7.8.13

Le tre enigmistiche (di Stefano Bartezzaghi)


Stefano Bertezzaghi
Di enigmistiche ne esistono perlomeno tre. Una (suo emblema il cruciverba) è reperibile in edicola, vende bene, fa da sottofondo alla vita pacatamente intellettuale di parecchi individui: è la versione tecnologica degli indovinelli della nonna. Siamo in molti a esserne avvezzi.

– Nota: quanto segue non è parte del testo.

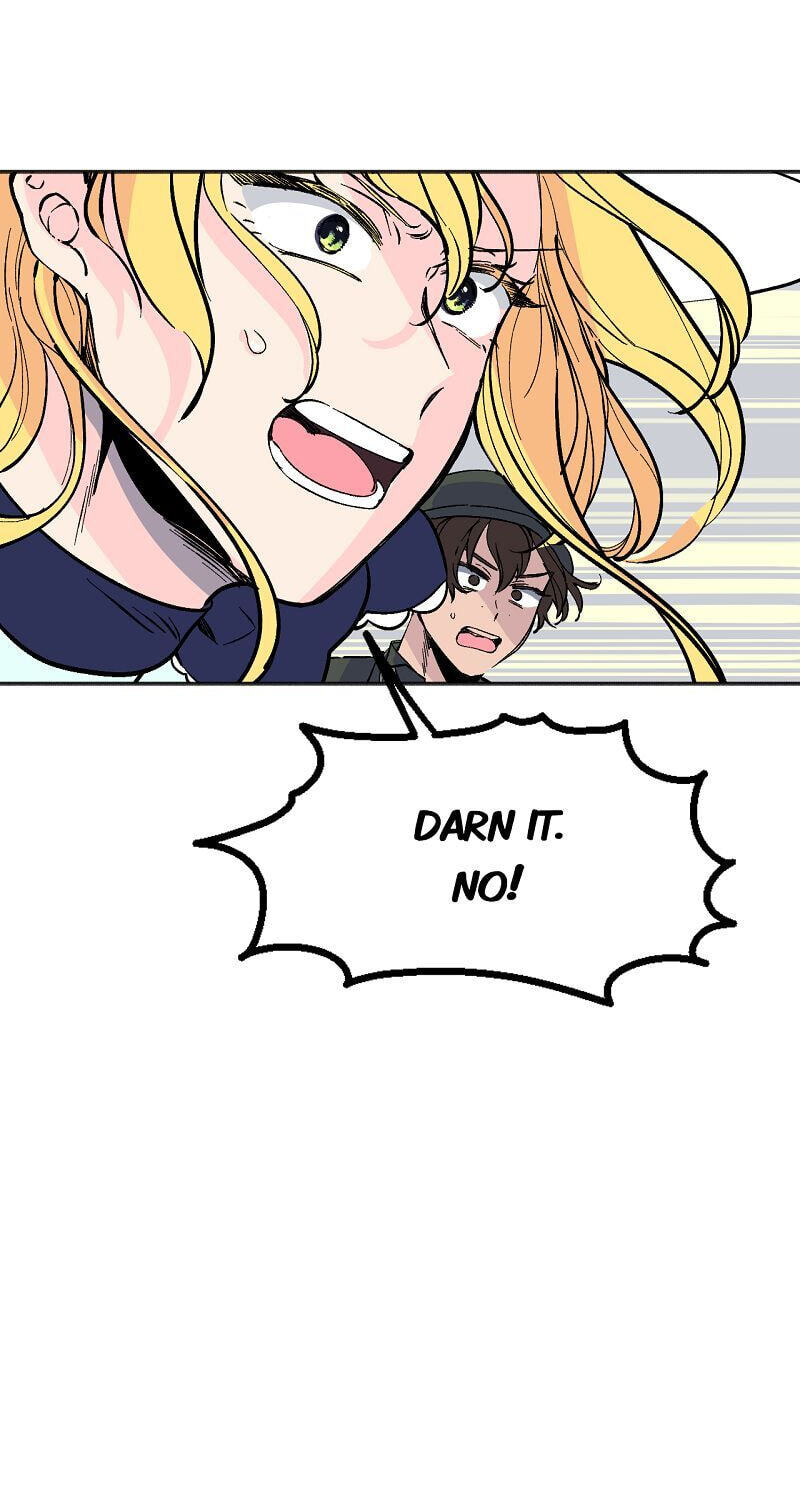 Knight in Flight Chapter 22 page 13 -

La seconda enigmistica è una variante sofisticata e sofistica della prima. Poche centinaia di adepti arcigni tra cui circolano, semiclandestine, tre o quattro riviste iniziatiche, abitate da improbi quesiti. Si chiama enigmistica classica, è una landa marginale.
Poi c'è la terza enigmistica. Come la Lettera Involata di Edgar Allan Poe, è sotto gli occhi di chiunque, ma non ce ne si accorge. È l'enigmistica dei giochi di parole, dei bisticci, dei motti: un'atletica del significato e del significante, senza regole precotte, un rimario strabico di anagrammi, sincopi, letture retroverse. Frequente ospite del discorso sociale e del letterario, sempre sulla punta della lingua dei Grandi, non è facile trovarne stabili confini. È infatti attività cospicua ma disordinata: si va dai rebus di Leonardo da Vinci alla retorica della pubblicità, passando per le intemperanze linguistiche di un Queneau.
Non sempre il fine è ludico: Proust prepara con strategie di estenuante sottigliezza la drammatica «equivocatio» tra i nomi di Gilberte e Albertine, per farla poi esplodere nel penultimo volume. Carlo Emilio Gadda gioca a nascondino con il suo alter ego enagrammatico, Ali Oco de Madrigal, e la maschera enigmistica non è tanto casuale.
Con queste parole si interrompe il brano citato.